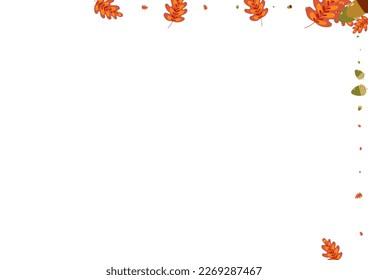 Red Acorn Background White Vector. Herb Simple Texture. Brown Leaves. Sale Illustration. Golden Leaf Drawn.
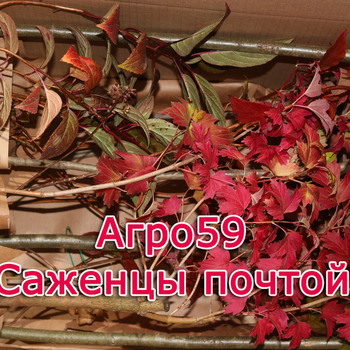 Саженцы доставка почтой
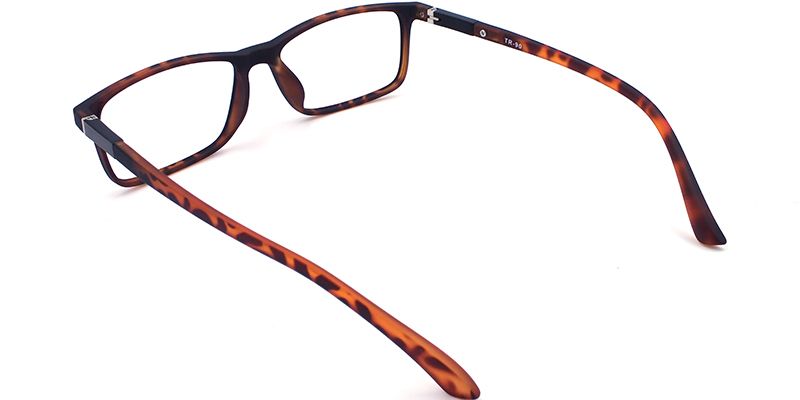 Audrey Wayfarer Eyeglasses9
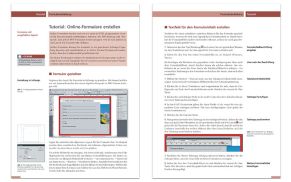 Wie Sie ansprechende PDF-Formulare in InDesign erstellen
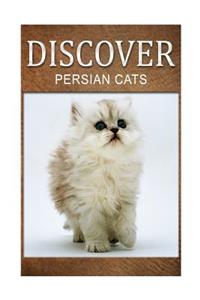 Persian Cats - Discover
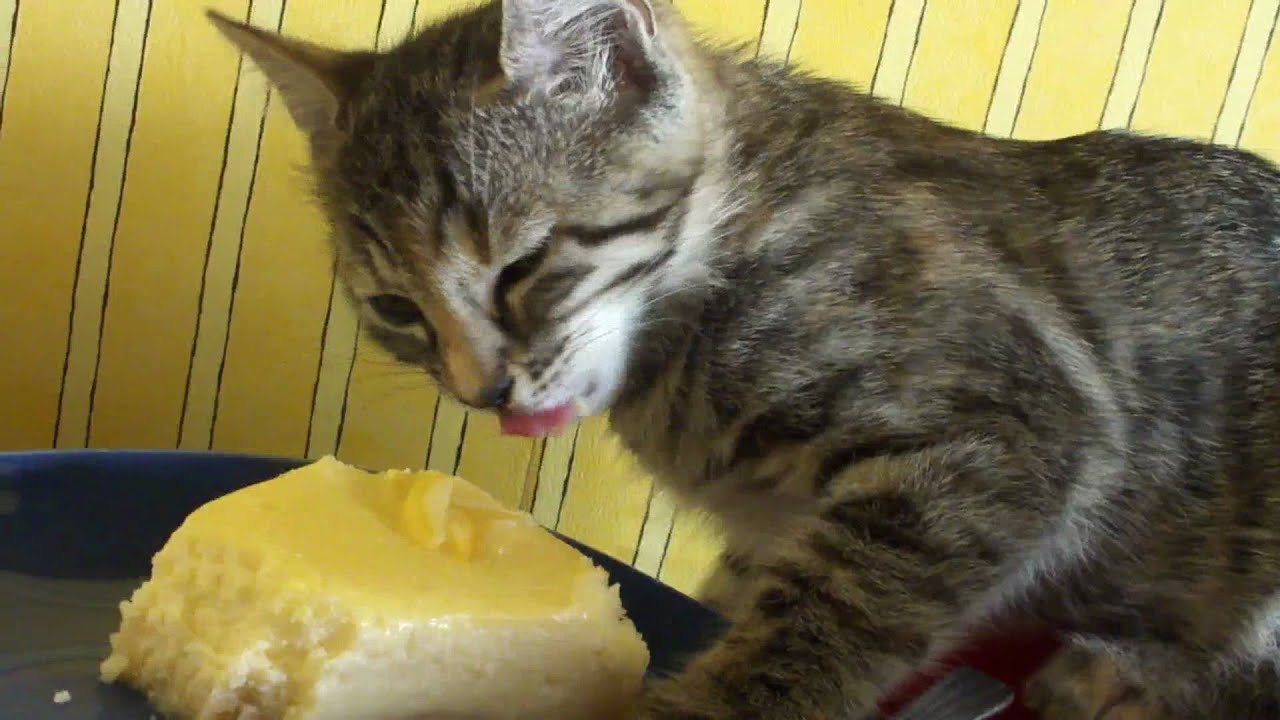 can cats eat cheesecake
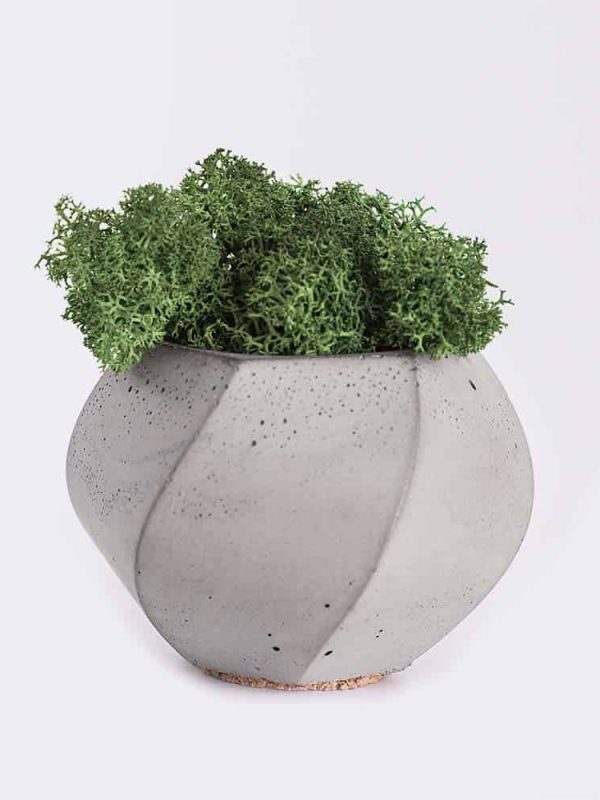 Dreamy Designs plant4 free img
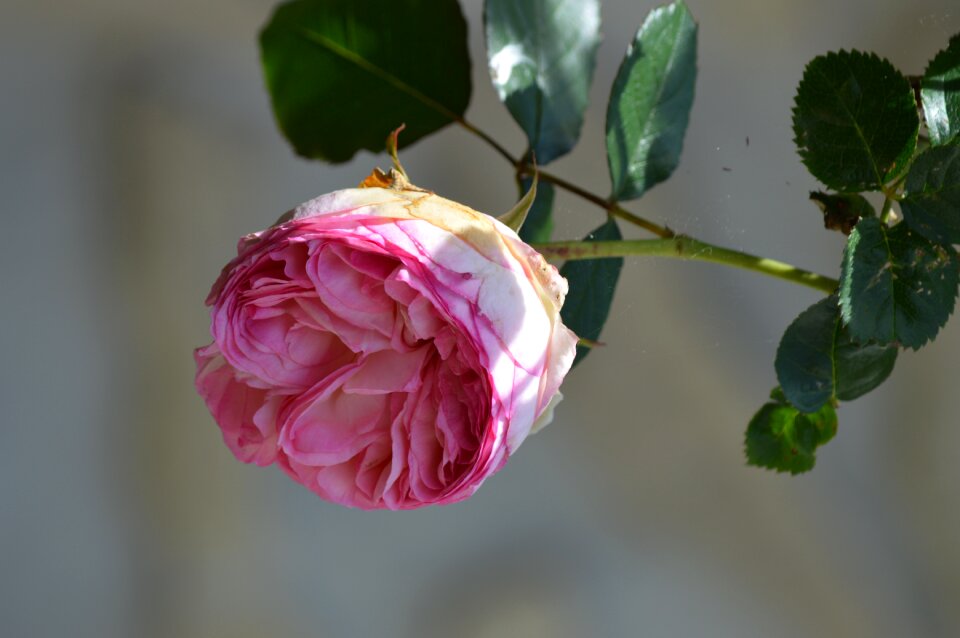 Pale pink flowering nature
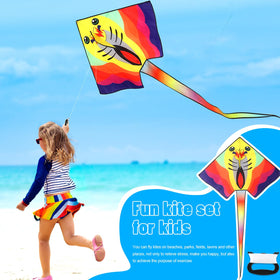 Leitee 6-pack large kite eagle design, stable flights in breeze.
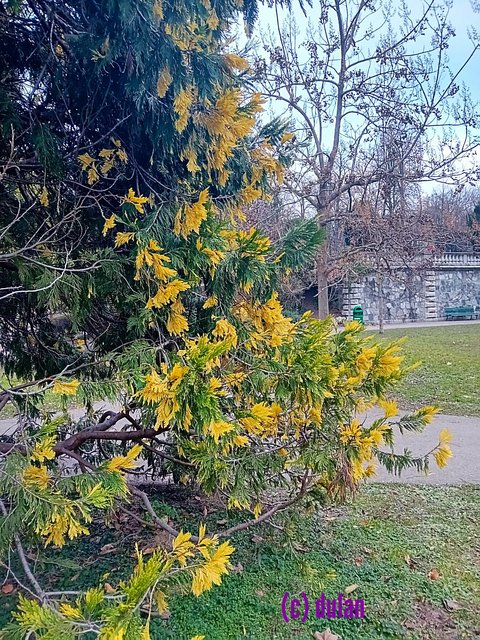 [Image: IMG-20241226-193204.jpg]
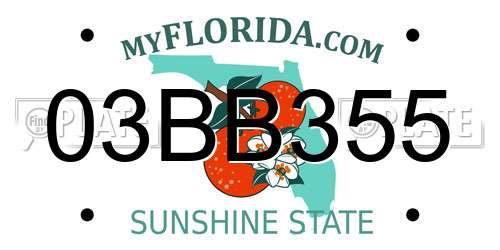 03BB355 Florida License Plate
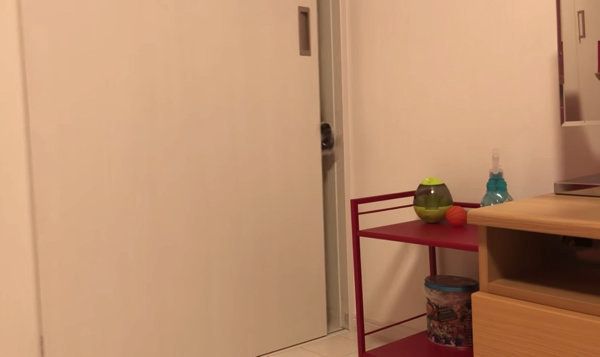 飼い主さんを無視するシベリアン・ハスキー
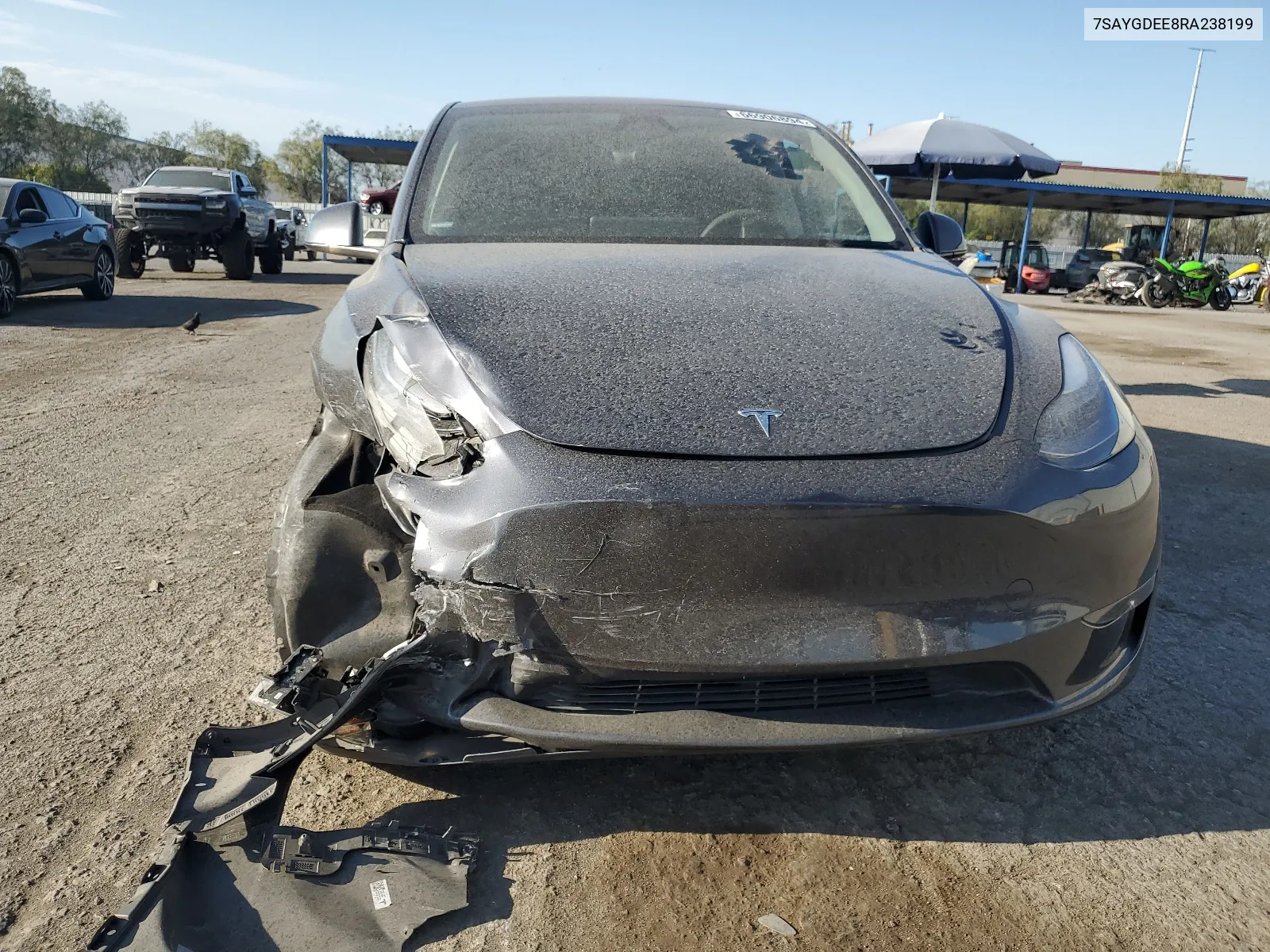 2024 Tesla Model Y VIN: 7SAYGDEE8RA238199 Lot: 66906894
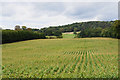 Field of maize by Habberley Road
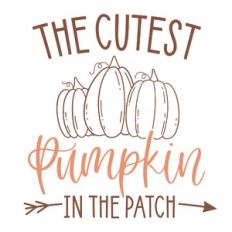 The Cutest Pumpkin in the Patch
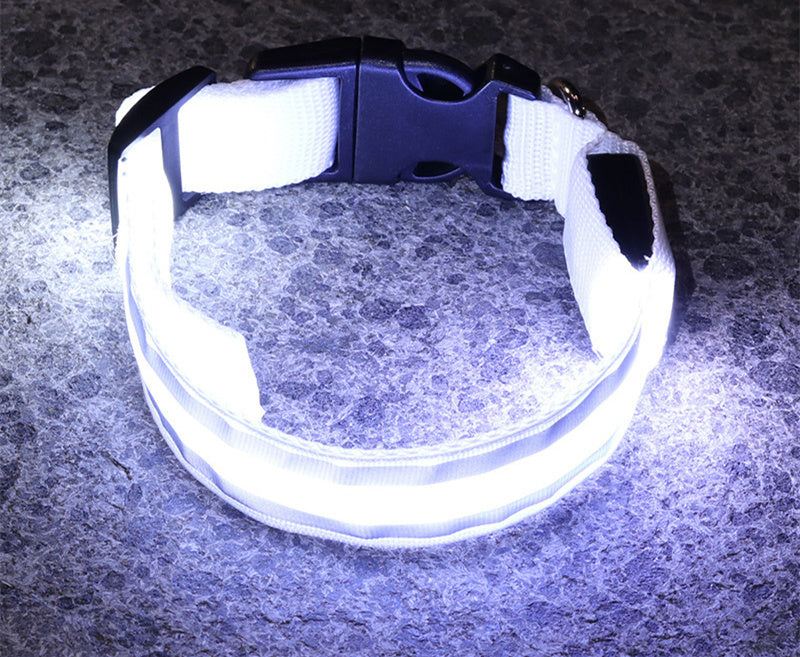 Collier LED Chien Sécurité Nocturne – Rechargeable ou à Piles – Plusieurs Taille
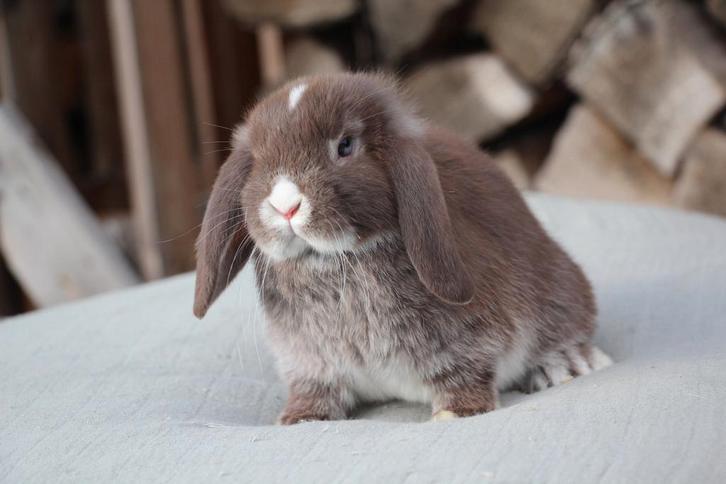 Zeer lieve en aanhankelijke nhd en minilop, Dieren en Toebehoren, Konijnen, Klein, Mannelijk, 0 tot 2 jaar, Hangoor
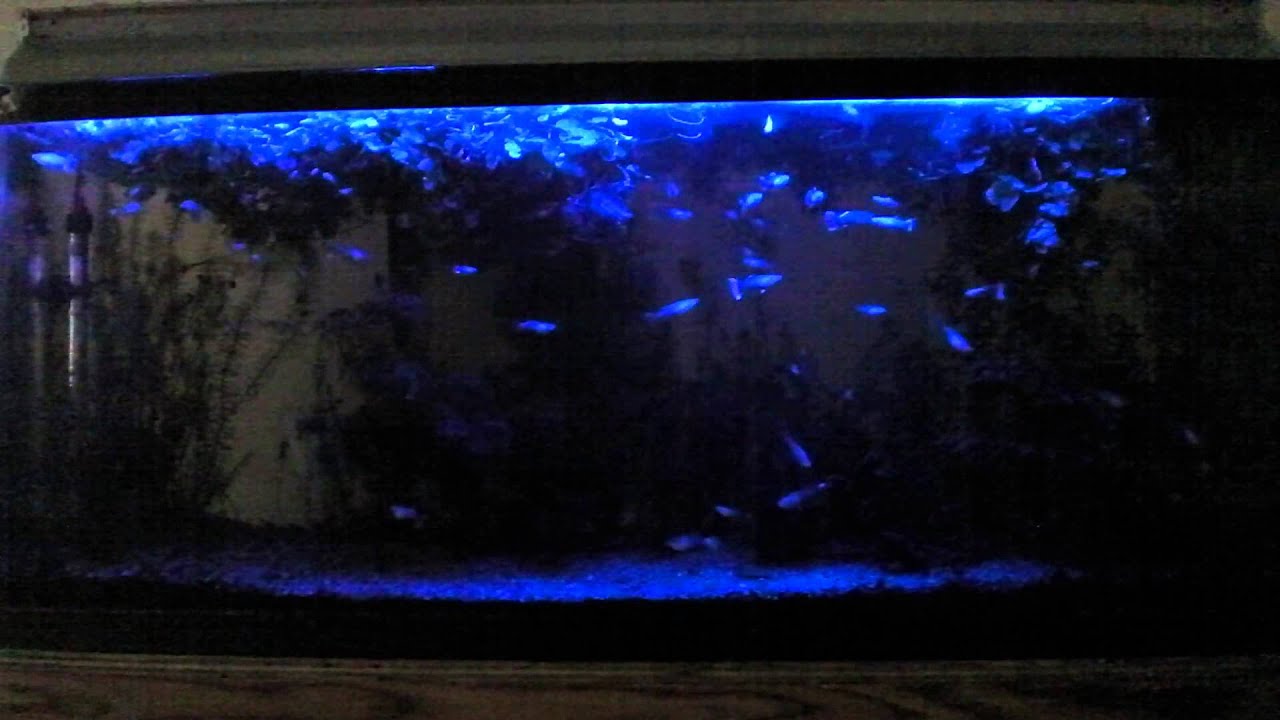 Guppy moonlight 55 gallon planted aquarium YouTube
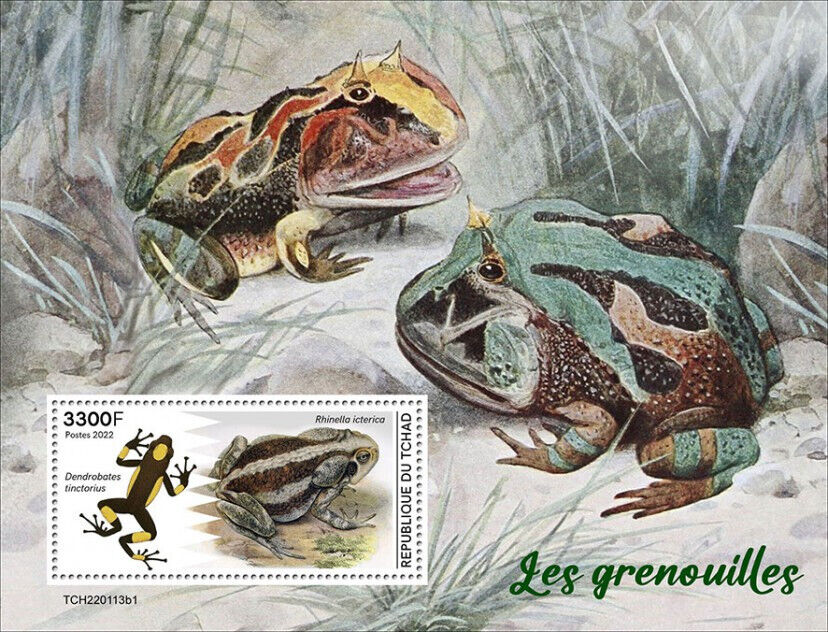 Chad 2022 MNH Amphibians Stamps Frogs Dyeing Poison Dart Frog 1v S/S I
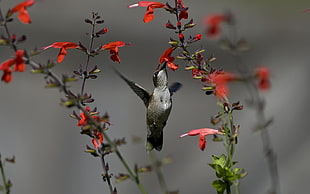 selective focus photo of grey hummingbird zipping red Salvia flower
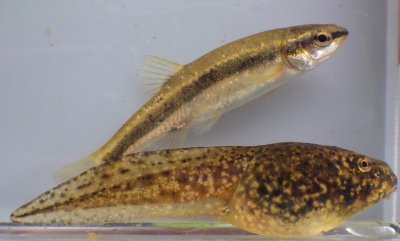 Speckled Dace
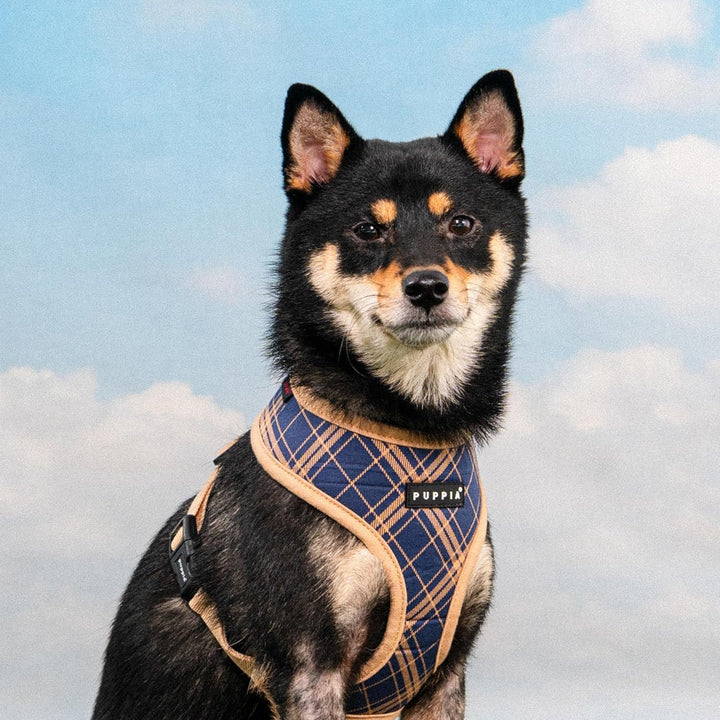 Puppia Corwin Hundegeschirr A (Over-The-Head), modisches Karomuster für Frühling und Sommer, kleine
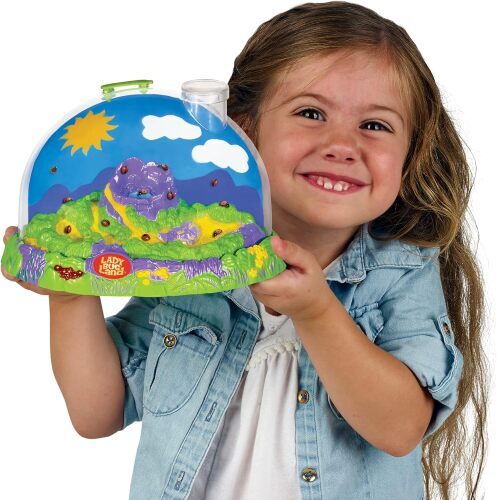 Ladybird Habitat Kit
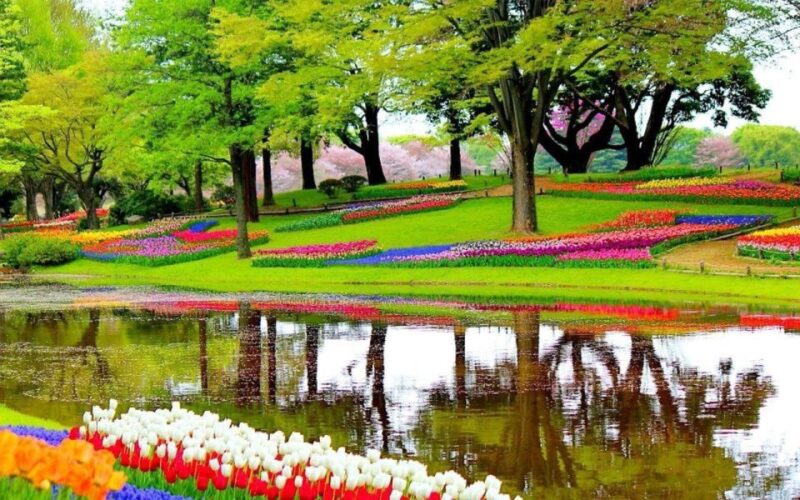 From Amsterdam: Private Windmills and Keukenhof Tour - Discover the Charm of Dutch Windmills and Keukenhof in a Private 7-Hour Tour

--------

Write out, exactly and only, the lines from the one containing "Zeer lieve en" through the last line of the material above. Pictures do not go in the copy.

 Zeer lieve en aanhankelijke nhd en minilop, Dieren en Toebehoren, Konijnen, Klein, Mannelijk, 0 tot 2 jaar, Hangoor
 Guppy moonlight 55 gallon planted aquarium YouTube
 Chad 2022 MNH Amphibians Stamps Frogs Dyeing Poison Dart Frog 1v S/S I
 selective focus photo of grey hummingbird zipping red Salvia flower
 Speckled Dace
 Puppia Corwin Hundegeschirr A (Over-The-Head), modisches Karomuster für Frühling und Sommer, kleine
 Ladybird Habitat Kit
 From Amsterdam: Private Windmills and Keukenhof Tour - Discover the Charm of Dutch Windmills and Keukenhof in a Private 7-Hour Tour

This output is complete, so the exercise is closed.